Last week, Professor Jeff Sovern spoke at the 17th Conference of the International Association of Consumer Law at Indiana University Robert H. McKinney School of Law, Indianapolis, Indiana.
The IACL brings together consumer law professors from all over the world and this year’s edition included professors from New Zeeland, Japan, Africa, South America, Australia, and Hong Kong, as well as the United States.

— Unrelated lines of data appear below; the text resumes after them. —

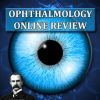 Osler Ophthalmology Online Review 2022 (CME VIDEOS)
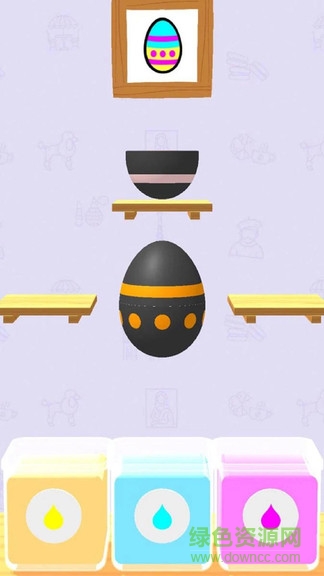 彩蛋繪畫(huà) v1.48 安卓版 1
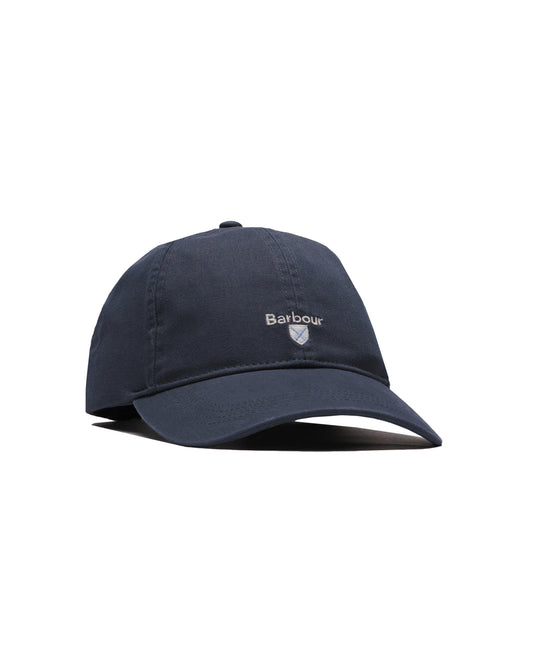 Barbour Cascade Cap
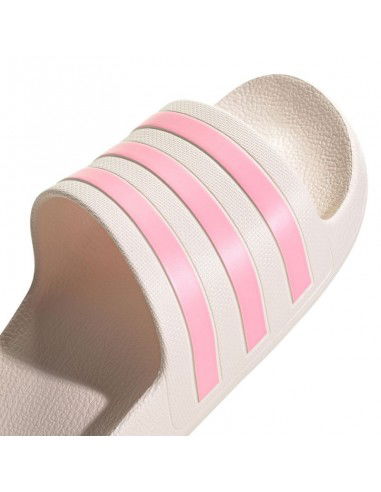 Adidas Adilette Aqua W HP9394 flipflops Adidas Adilette Aqua W HP9394 flipflops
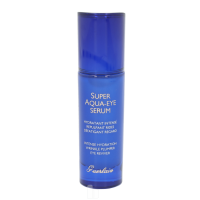 Produktbild för Guerlain Super Aqua-Eye Serum Intense Hydration 15 ml Dam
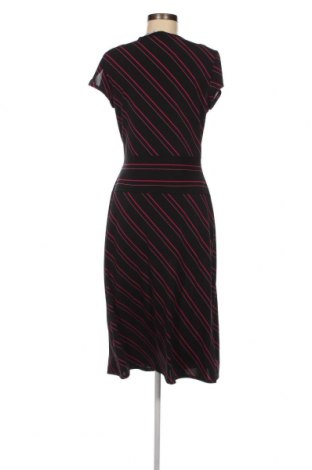Φόρεμα Next, Μέγεθος L, Χρώμα Μαύρο, Τιμή 24,57 €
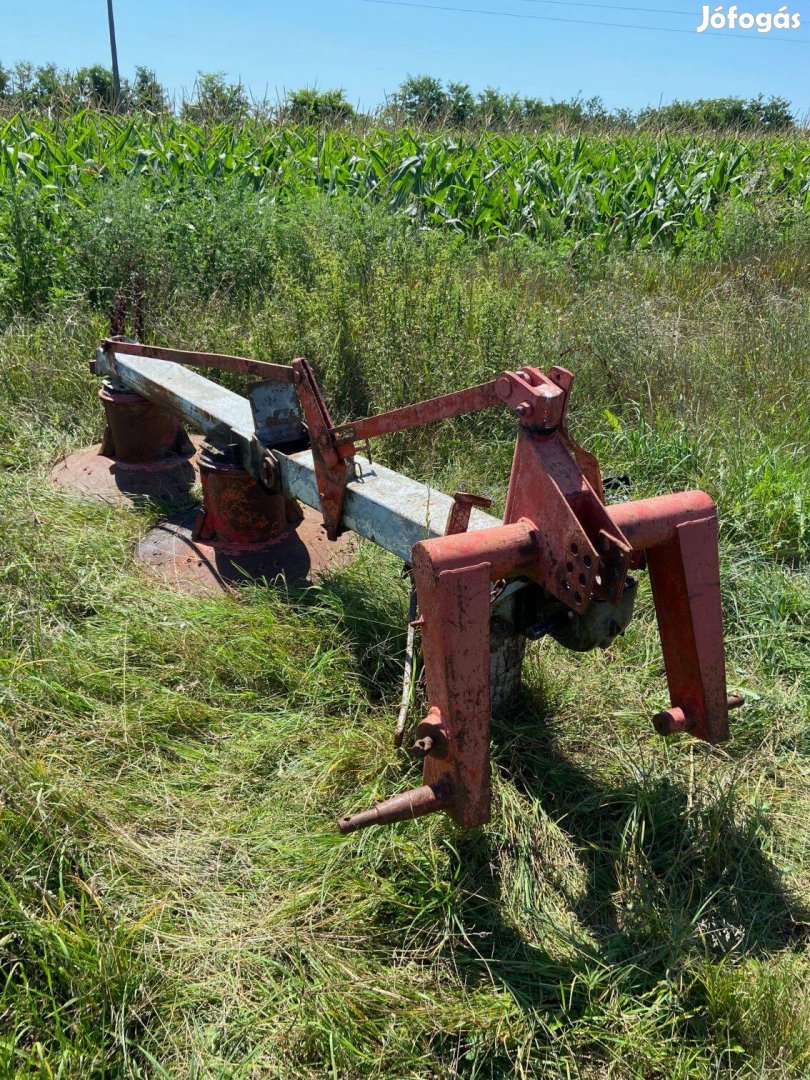 Fűkasza RK185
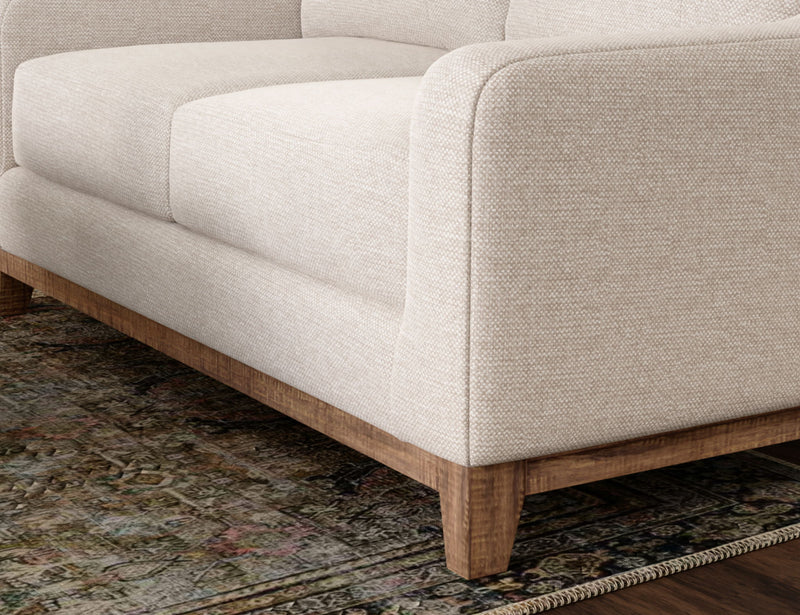Olivo - Arm Chair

Sovern’s talk was titled “Do Markets Provide Consumer Protection?”
Professor Sovern’s recent op-eds include a June 11 Bloomberg Law Insight essay headlined CFPB Should Cut Back on Texts, Emails Debt Collectors Could Send, and a May 16 piece in The Conversation, which was reprinted widely, including by the Houston Chronicle, San Francisco Chronicle, and Fast Company, captioned Congress is considering privacy legislation – be afraid.
Bloomberg quoted Sovern in an April 18 article headlined Guns, Priests, and Drugs: New Targets for Old Consumer Laws and AdWeek quoted him on February 4 in an article, As Businesses Prep for California’s Data Privacy Law, They’re Also Fighting to Change It.
Sovern’s work also elicited attention in other forums. The Consumer Financial Protection Bureau cited two articles Sovern co-authored at various points in its proposed debt collection regulations. And in the last fortnight, two of his blog posts prompted news coverage by an industry publication (here and here).